Bagi saya dosa besar seorang penjelajah adalah melewatkan pagi. Hanya ada satu celah sempit momen di sebuah kota yang baru, yang mana kita bisa merasakan aktivitas komunal perlahan berdenyut. Pagi hari adalah sketsa akan dinamika sebuah kota dan pagi ini Mamasa diguyur hujan di musim kemarau.
“Mamasa tidak pernah selalu kering,” ucap Silas dengan suara parau, “Di sini kapan saja bisa hujan.”
Demikianlah hujan di Mamasa bukan perkara musim, melainkan okasionalitas. Hujan bisa datang kapan saja, baik diduga maupun tidak, dan membasuh Mamasa ibarat jeda dalam aktivitas masyarakatnya.
Hujan seakan menunda matahari walau hanya sesaat.

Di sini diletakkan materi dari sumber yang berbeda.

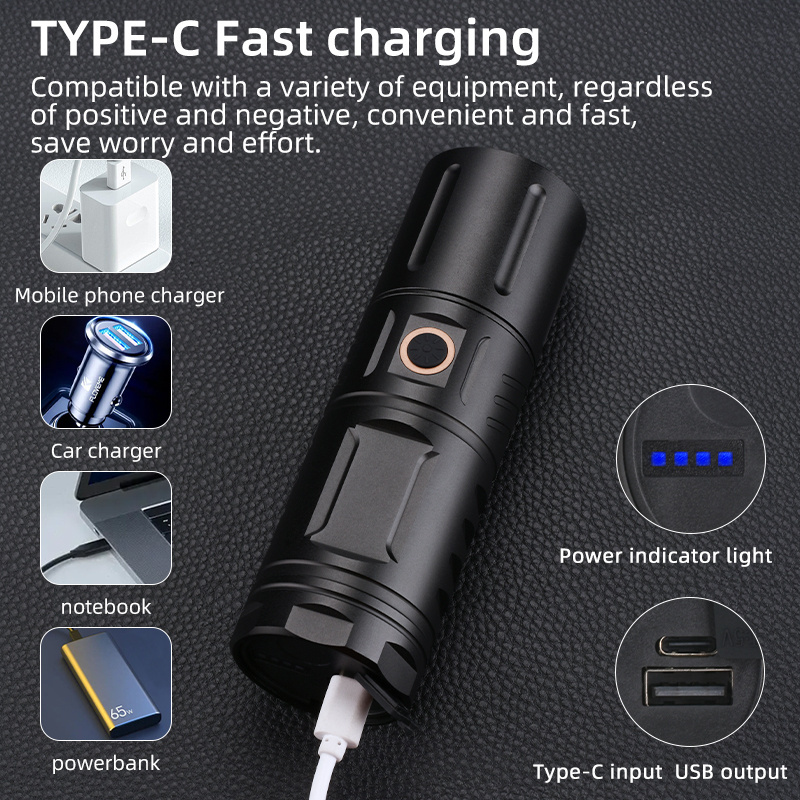 High quality usb rechargeable tactical led xhp50 flashlight super bright flashlight laser flashlight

Cahaya matahari menyinari salah satu sisi Gunung Mambuliling, memperlihatkan secara jelas gurat-gurat lerengnya. Saya duduk di lantai dua teras hotel sembari menikmati momen yang hanya berlangsung sekitar lima belas menit itu.
“Di belakang Mambuliling, ada gunung tinggi, namanya Gunung Gandang Dewata,” Silas menyusul saya naik ke lantai dua, “Butuh delapan hari untuk mencapai puncaknya dari sini.”
Gandang Dewata memang mempunyai reputasi sebagai gunung yang susah ditaklukkan. Dinamai begitu karena dari atas gunung sering terdengar suara gema, seolah-olah berasal dari bunyi dentuman gendang para dewata. Dari sana, lahirlah pula mitologi lokal yang meyakini suara gema sebagai sebuah pertanda meninggalnya salah satu penduduk desa.
Saya berpamitan dengan Silas untuk berjalan kaki menyimak sudut-sudut Mamasa. Barangkali lantaran udara paginya yang relatif dingin, aktivitas pagi di Mamasa terkesan terlambat. Pukul tujuh pagi belum terlihat banyak aktivitas masyarakatnya. Jalanan terasa sunyi sementara orang-orang nampaknya masih mengurung diri di rumah masing-masing. Contoh saja Silas yang tadi baru saja melipat selimutnya.
Terdiam di lengkung jembatan, saya melihat Sungai Mamasa berdebur keras di bawah kedua kaki. Airnya bergelora berkilauan memantulkan pendar cahaya matahari sementara selapis kabut tipis mengambang di atasnya. Entahlah. Diam saya terpaku di sana seorang diri menikmati momen yang hanya sesaat itu.